> HOW TO COMPLETE THIS TASK
Each line from the one that holds "Foldable Double Electronic" to the end of the records is to be retyped exactly. Pictures are not part of the copy.
START RECORDS FOR THE TASK
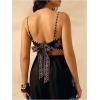 imageSHENHE Womens Tropical Print Bandana Top Tie Back Spaghetti Strap Boho Camisole TopBlue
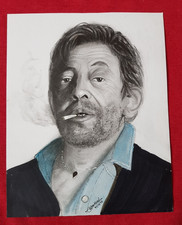 Serge GAINSBOURG  Portrait sur papier épais style lithographie tableau signé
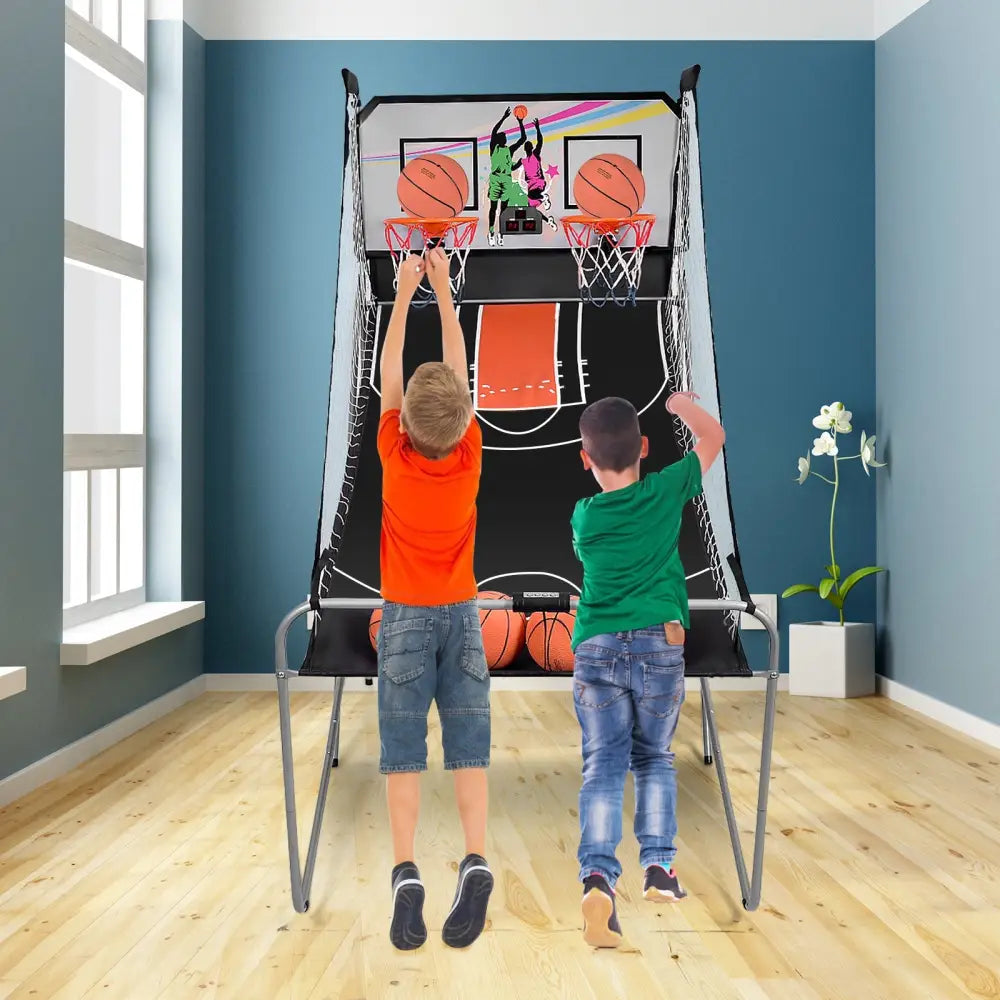 Foldable Double Electronic Basketball Game with 4 Balls Indoor - Gray - Game Room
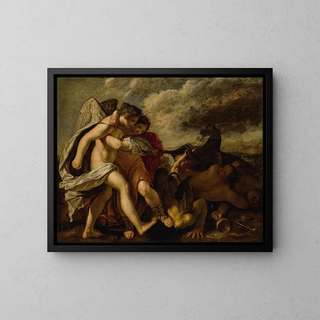Allegory of the virtues over vice - Anonymous — framed artwork on a wall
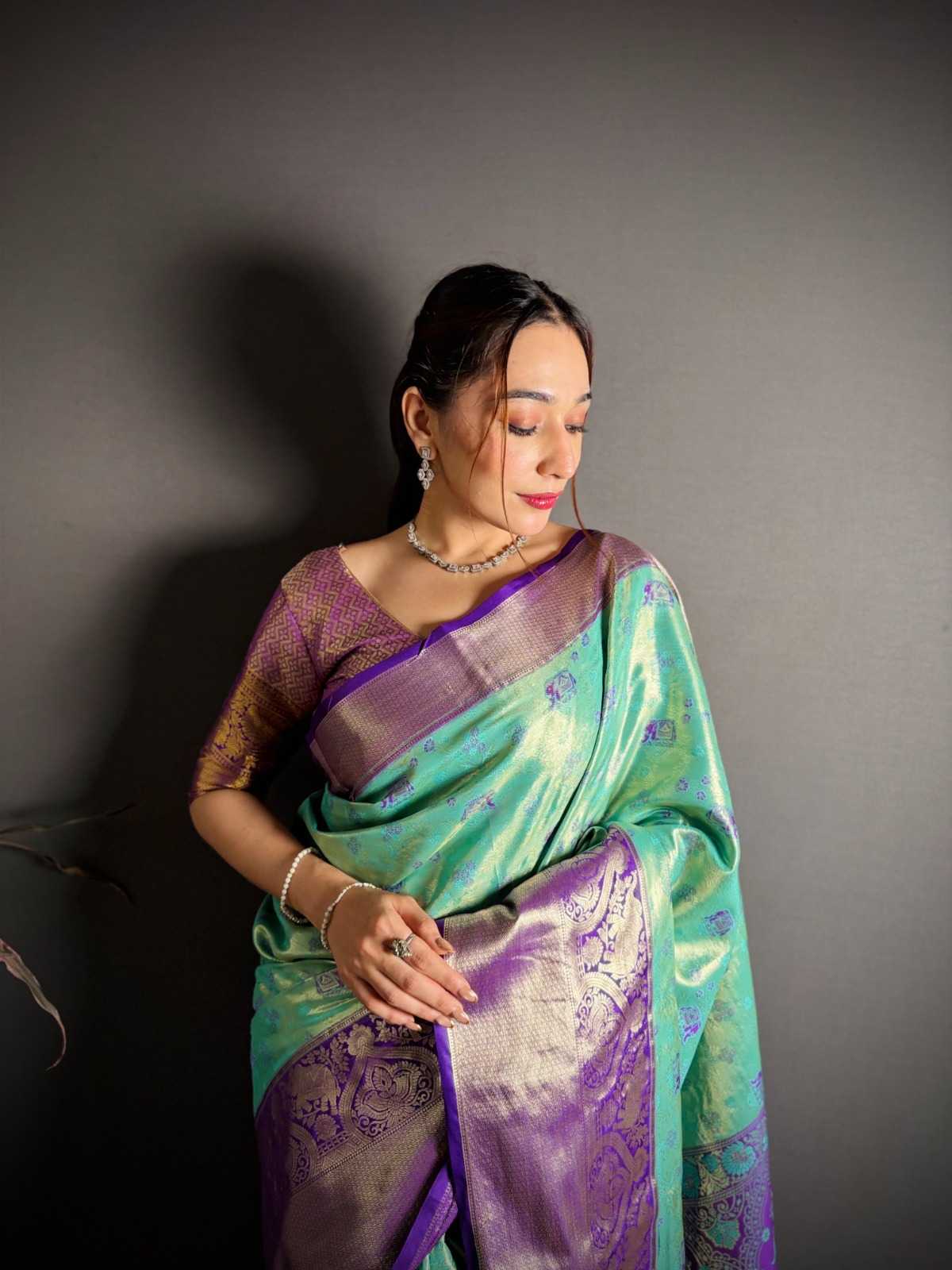 YNF Wholesale Kanjivaram Silk Tissue Silk Saree  | Surat Manufacturer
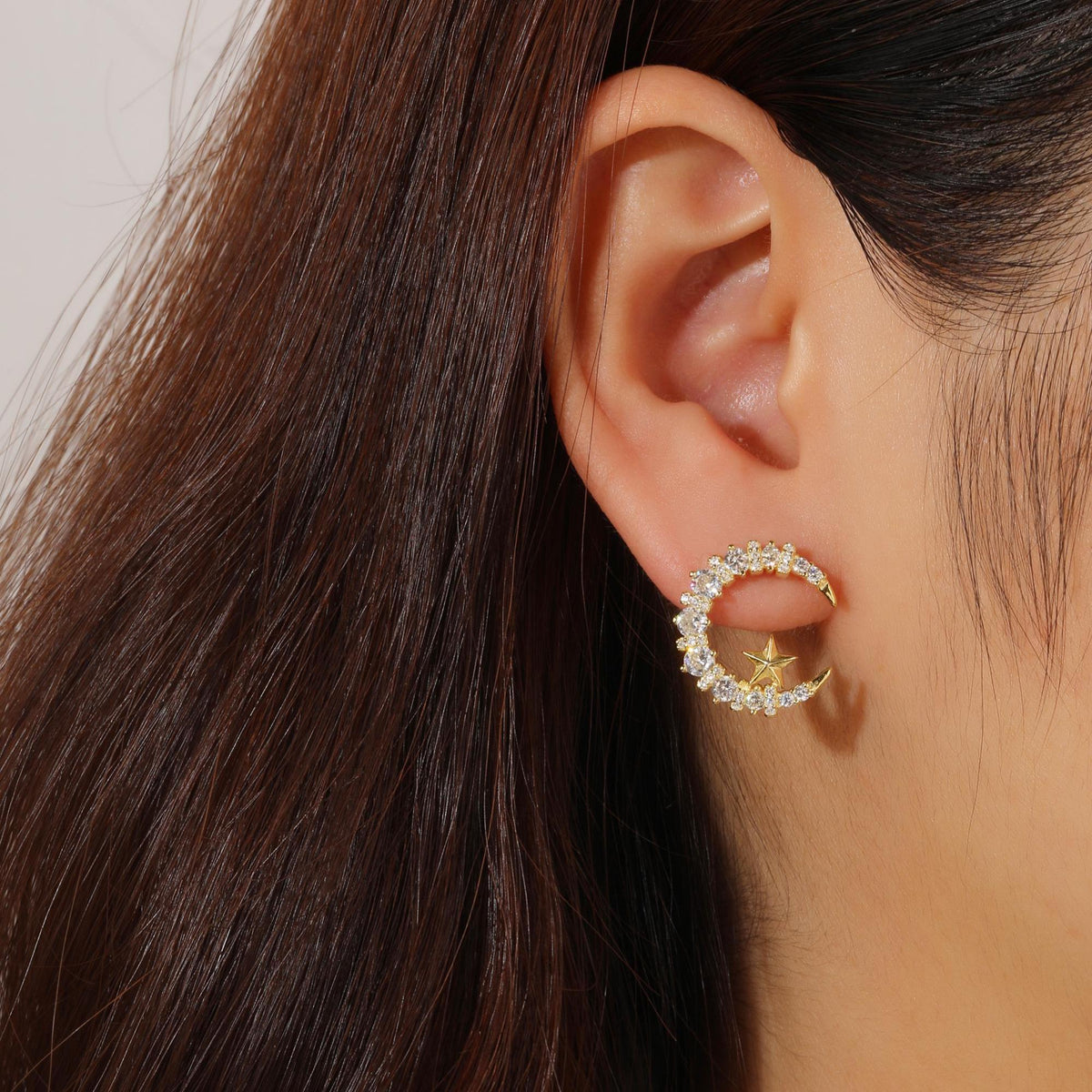 Bold Moon and Star Stud Earrings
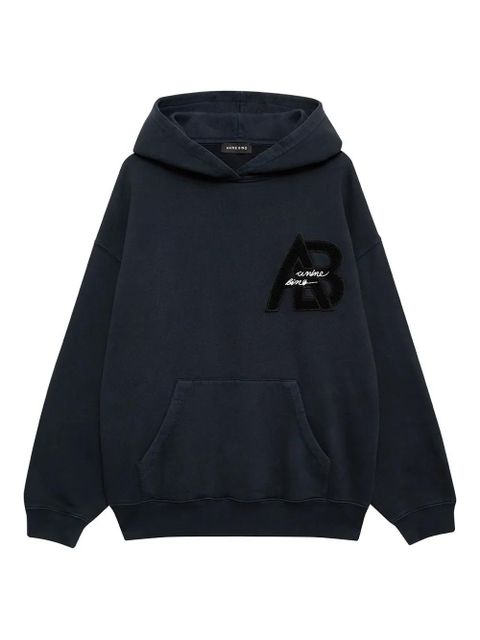 ANINE BING The Jaci logo-appliqué hoodie - Blue - zdjęcie produktu nr 1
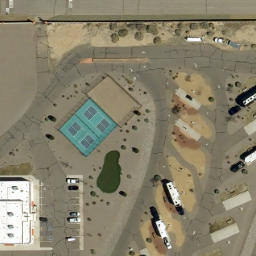 Sand Volleyball Court, NM — aerial view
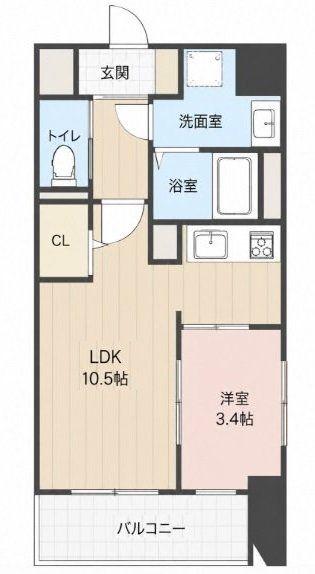 THE APARTMENT開(1LDK/8階)の間取り写真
END RECORDS FOR THE TASK
> RESPONSE AREA
 Foldable Double Electronic Basketball Game with 4 Balls Indoor - Gray - Game Room
Allegory of the virtues over vice - Anonymous — framed artwork on a wall
 YNF Wholesale Kanjivaram Silk Tissue Silk Saree  | Surat Manufacturer
 Bold Moon and Star Stud Earrings
 ANINE BING The Jaci logo-appliqué hoodie - Blue - zdjęcie produktu nr 1
 Sand Volleyball Court, NM — aerial view
 THE APARTMENT開(1LDK/8階)の間取り写真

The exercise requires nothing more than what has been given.